Cindy McCain, the wife of Arizona GOP Sen. John McCain, will reportedly succeed her husband if he should die in office.
Veteran journalist John Gizzi reported that multiple sources in the Grand Canyon State have been almost unanimous in their view that Republican Gov. Doug Ducey will appoint Cindy McCain.
A former Republican senator who served with John McCain told Newsmax‘s Gizzi, “I don’t know if this (succession) has been formalized, but that’s what people who know John tell me.”
“One source close to the McCain family said supporters of the senator have quietly let Gov. Ducey know Cindy is the choice of ‘Team McCain,'” Gizzi wrote.
An Arizona Republican strategist told The Western Journal that choosing Cindy McCain, 64, would be a safe choice for Ducey and may help his re-election bid this fall.

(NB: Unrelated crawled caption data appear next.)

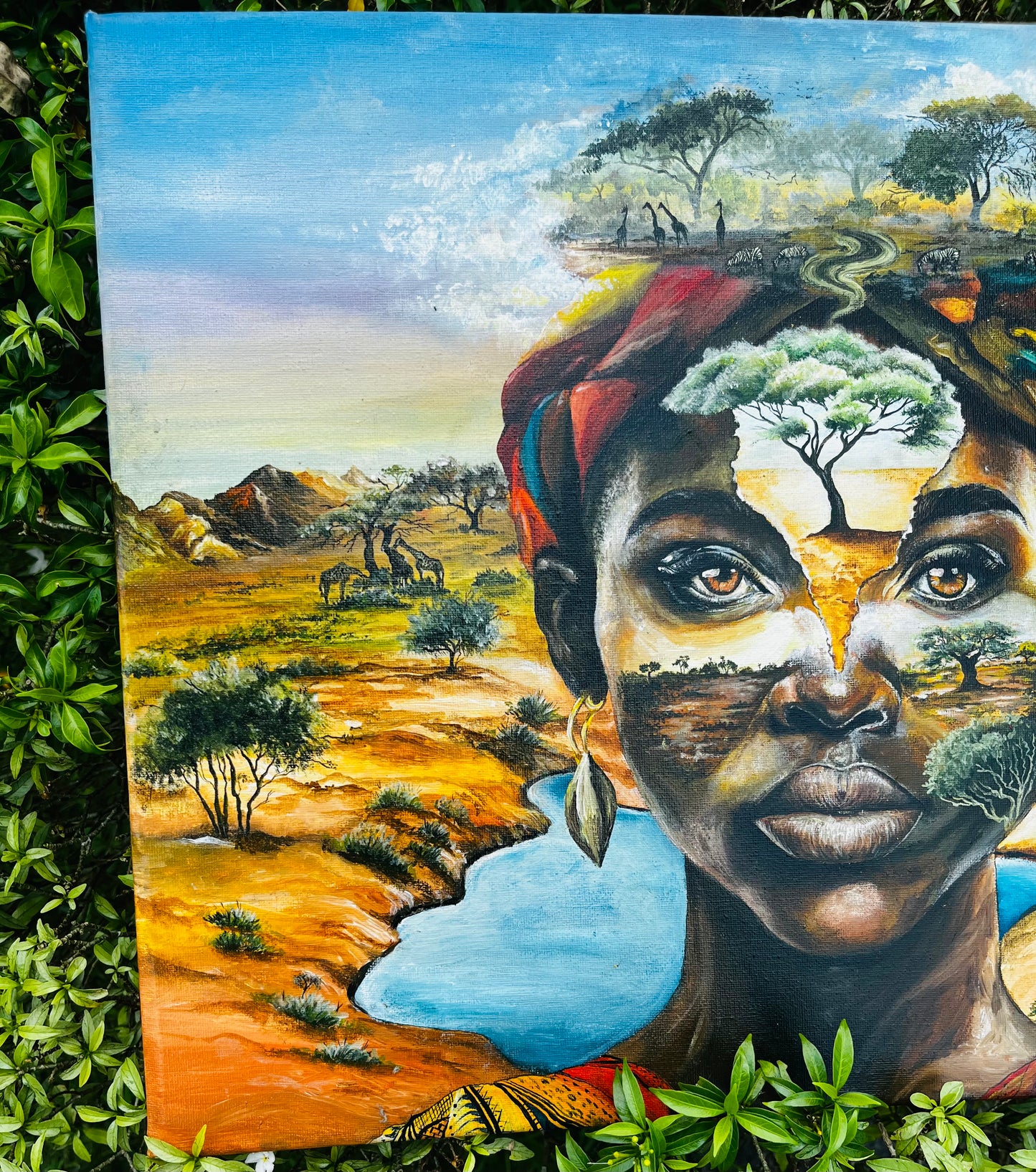Hand-Painted Portrait – African Inspired Landscape Art ( Face of Art)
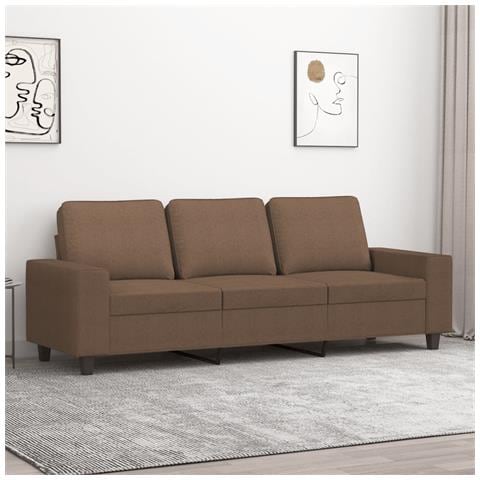 Divano A 3 Posti Marrone 180 Cm In Tessuto - Foto 1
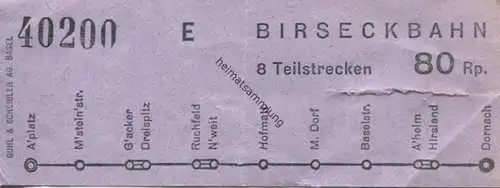 Schweiz - Birseckbahn - Fahrschein 80Rp.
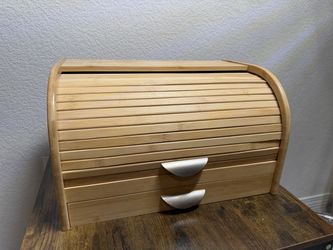 Bamboo Roll-Top Bread Box + Drawer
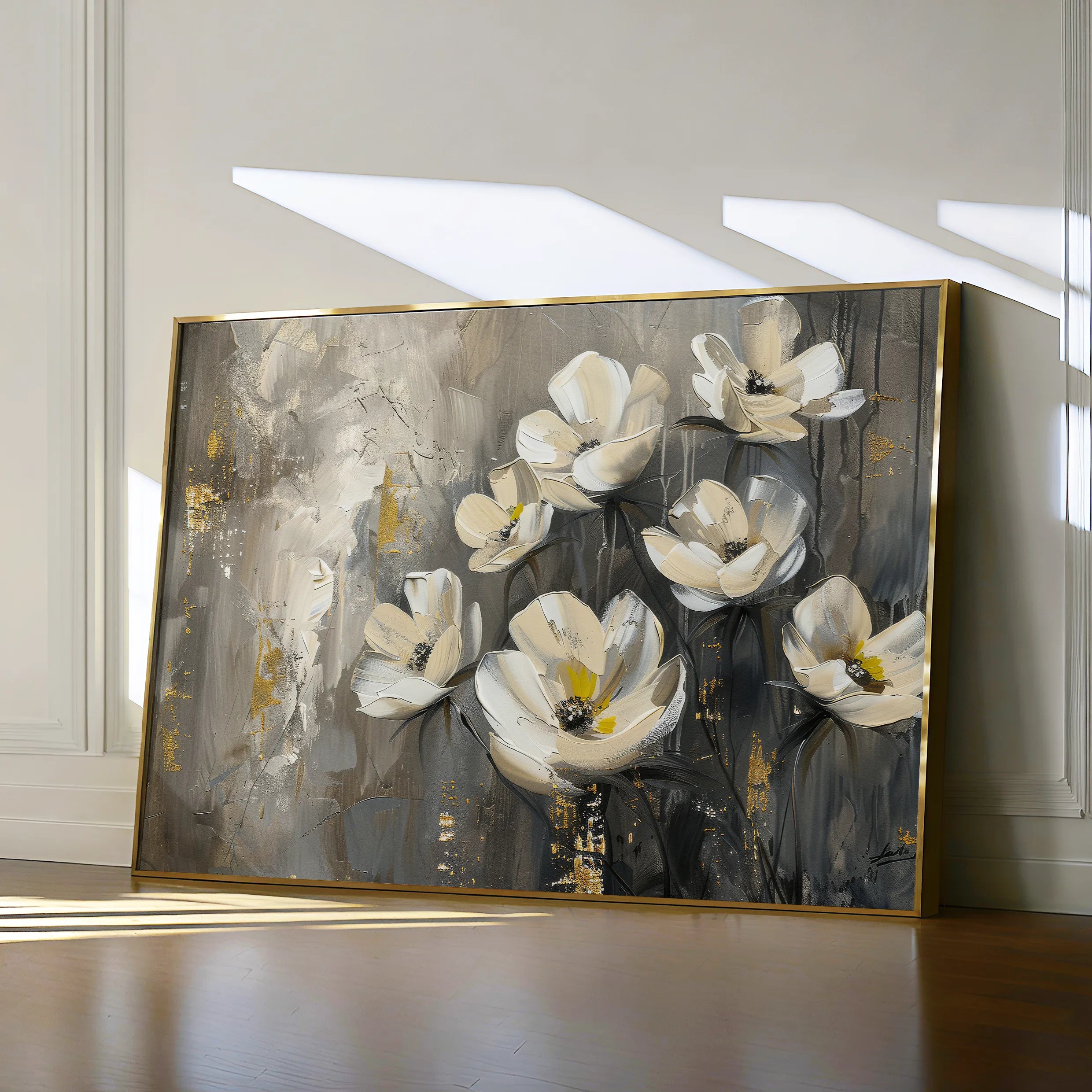 Floral 383 Canvas Art 18" x 24" / 45 x 60 cm / Black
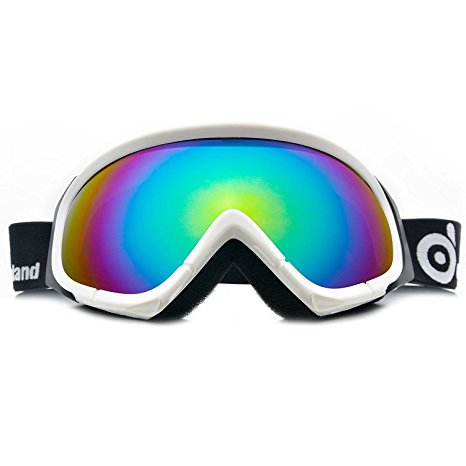 Odoland Snow Ski Goggles S2 Double Lens Anti-fog Windproof UV400 Eyewear - Skiing, Snowboarding, Motorcycle Cycling and Snowmobile Winter Outdoor Sports Protective Glasses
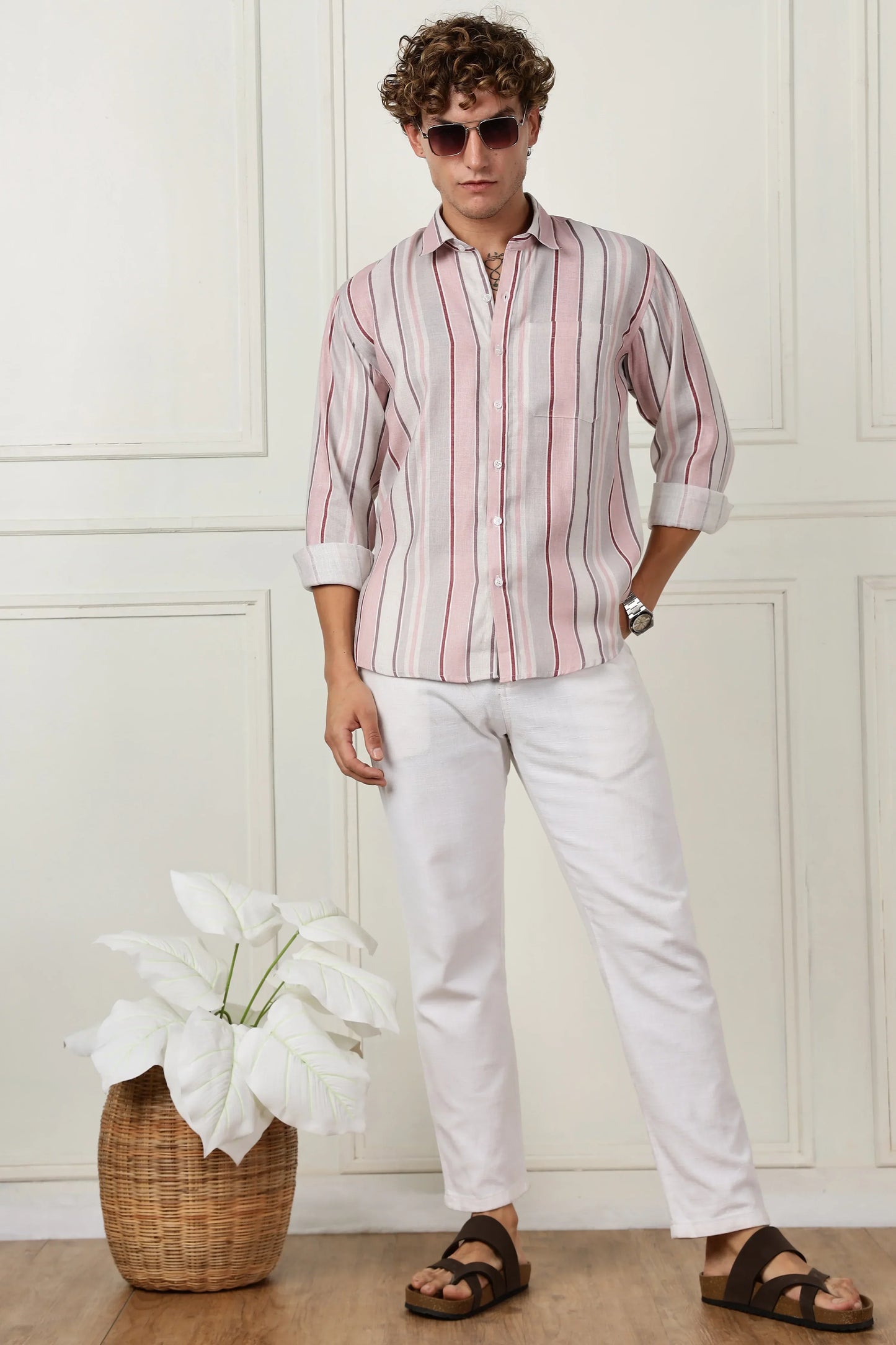 Pink stripe printed full sleeve linen shirt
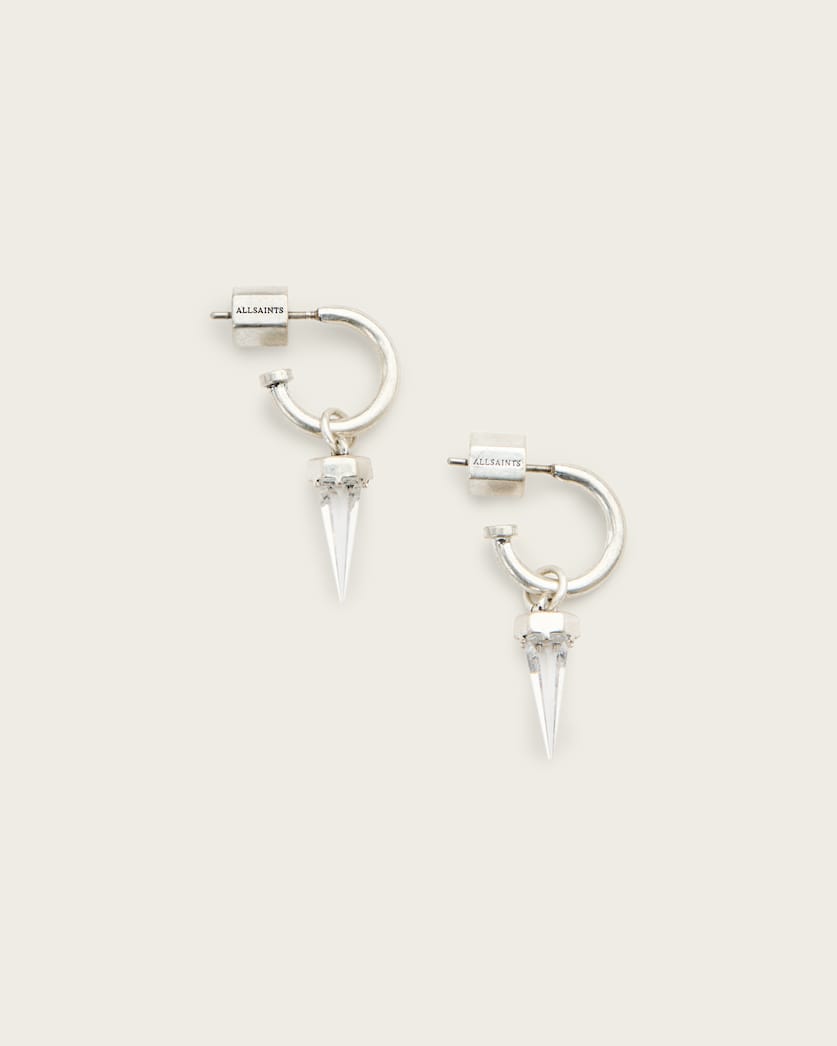 all saints Laio Spike Hoop Earrings WARM SILVER/CLEAR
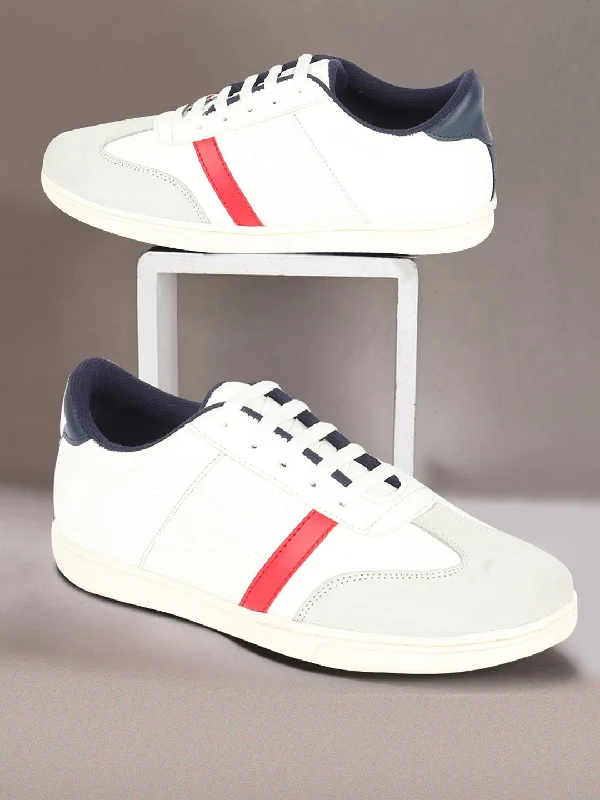 Best Sneakers For Running Men White Embellished Strip Breathable Upper PU Suede Leather Lace Up Sneakers Shoes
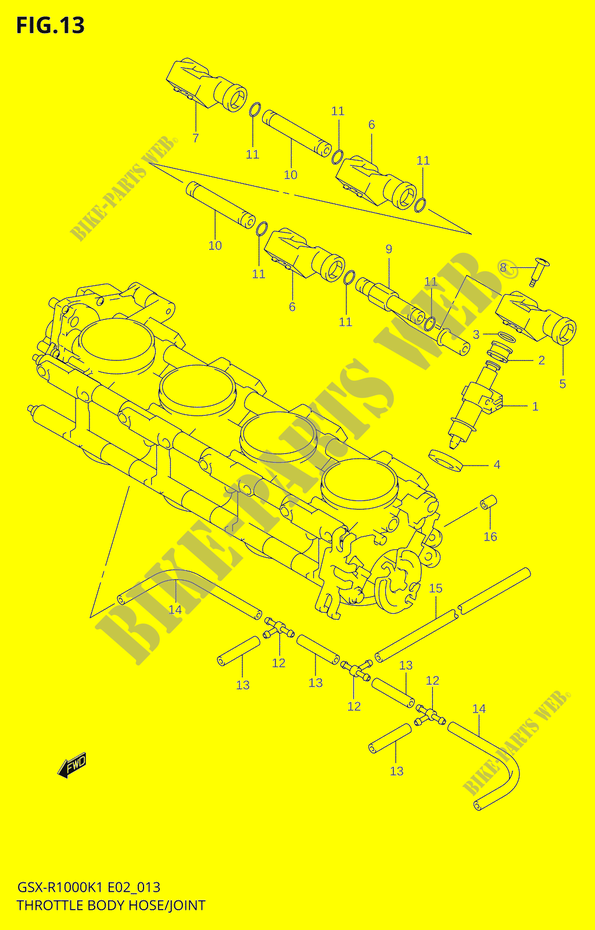 INJEKTORENANT FLEXIBLE / ROTULE (GSX R1000K1) für Suzuki GSX-R 1000 2001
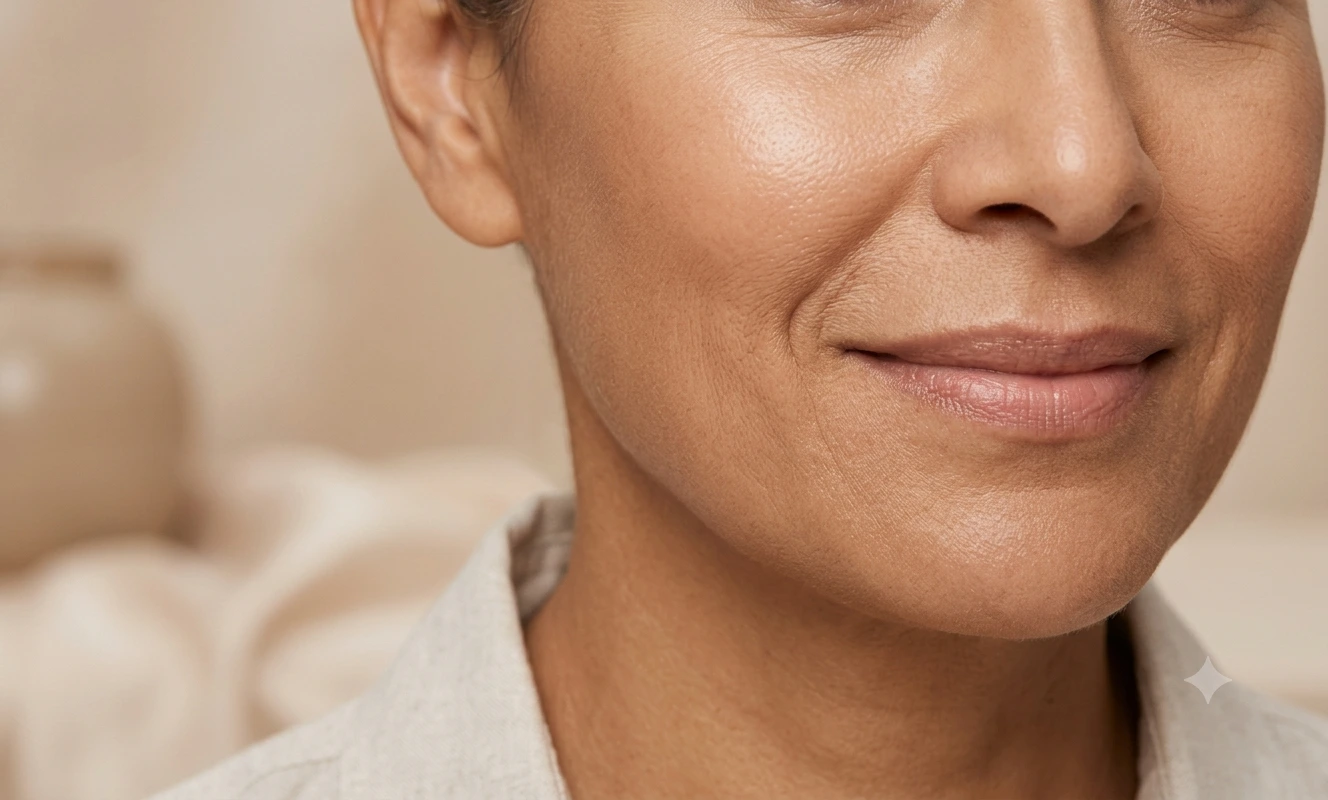 Close-up of mature skin with visible fine lines around the mouth and cheek.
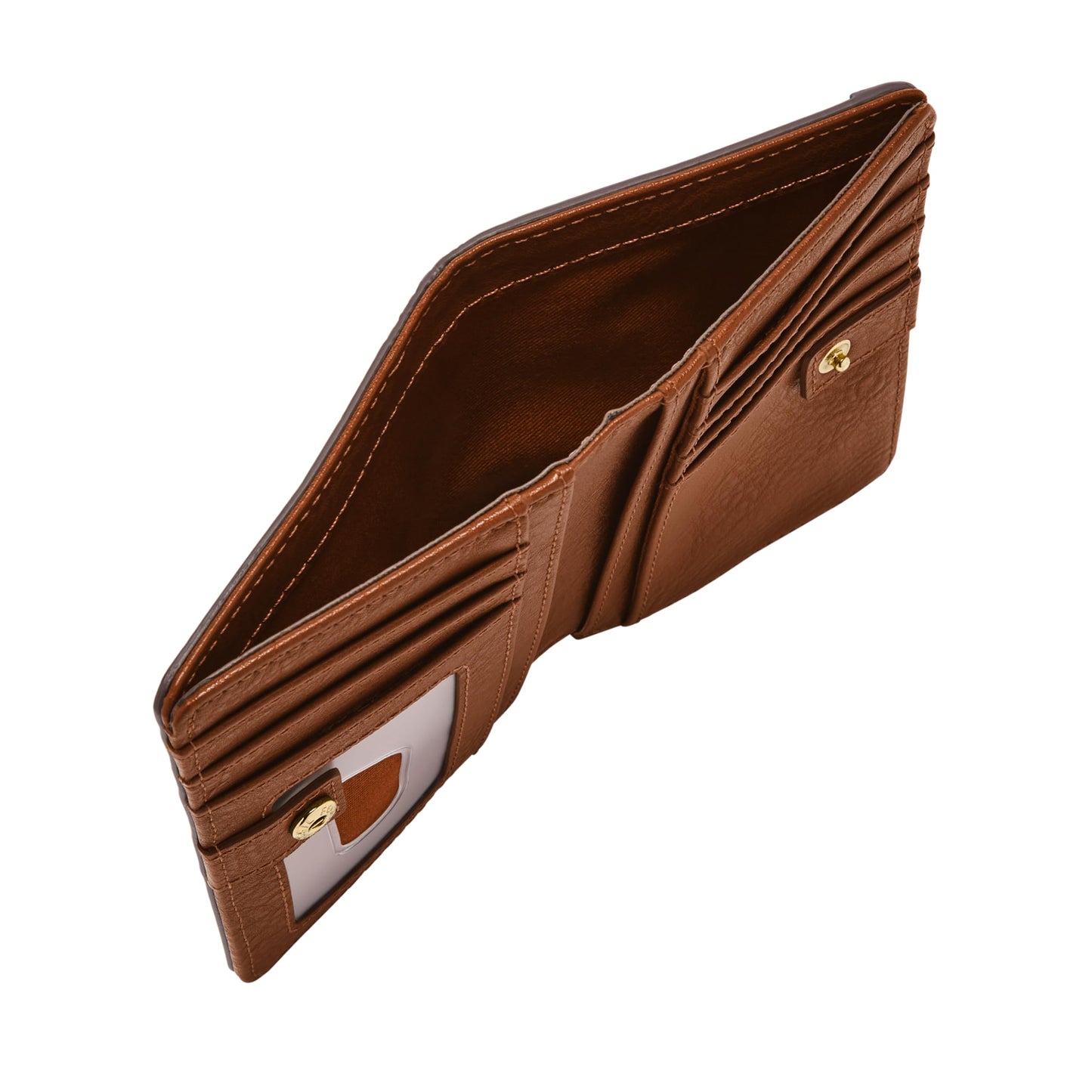 Fossil Women's Liza Leather Wallet Multifunction, Brown Leather Wallet for Women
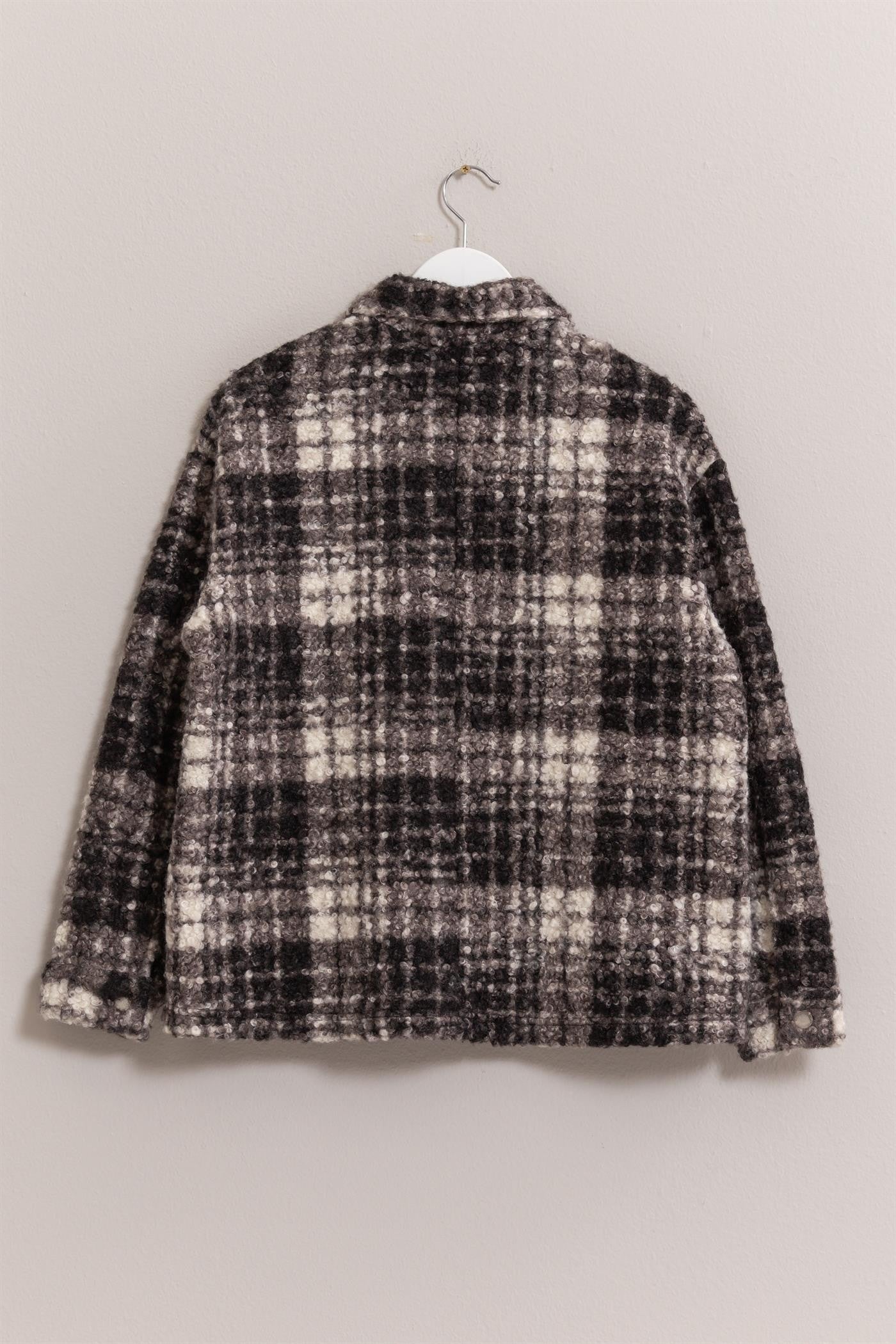 Black Plaid Button Up Bouclé Jacket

“She would certainly be a feel-good pick now,” the strategist said. “Though some of the more conservative elements of the party would probably not be pleased that another McCain was taking the seat, I think since it would occur after the death of Sen. McCain, the feel-good nature of it would surpass any negative feelings, at least in the short term.”
The strategist added if Cindy McCain votes like a moderate once assuming office, it could hurt Ducey should he decide to run for the seat later down the road.
Wednesday, May 30 is considered a key date, as it will determine how long a Ducey appointee will hold the seat, The Washington Post reported.
Arizona law requires that if John McCain should die in office before the end of his term, a special election must be held on the date of the next general election.
May 30 is seen as the unofficial deadline for a special election to take place this year, because it marks the date by which candidates must file for a November run. If McCain should pass some time thereafter, the election to fill his seat would likely happen no earlier than 2020.
“If there was a vacancy today and we made a decision on ‘yes, call a special election’ or ‘no, (don’t) call a special election’ … there is a 99.9 percent chance that litigation would ensue,” Eric Spencer — election services director in the office of Arizona Secretary of State Michele Reagan — told The Post last week.
In other words, the result could have been the Republicans having to defend not only retiring Sen. Jeff Flake’s seat in November (which has been rated a toss-up race), but McCain’s as well.
After May 30 — at 5 p.m. to be precise — successful litigation by Democrats leading to a special election this year diminishes greatly.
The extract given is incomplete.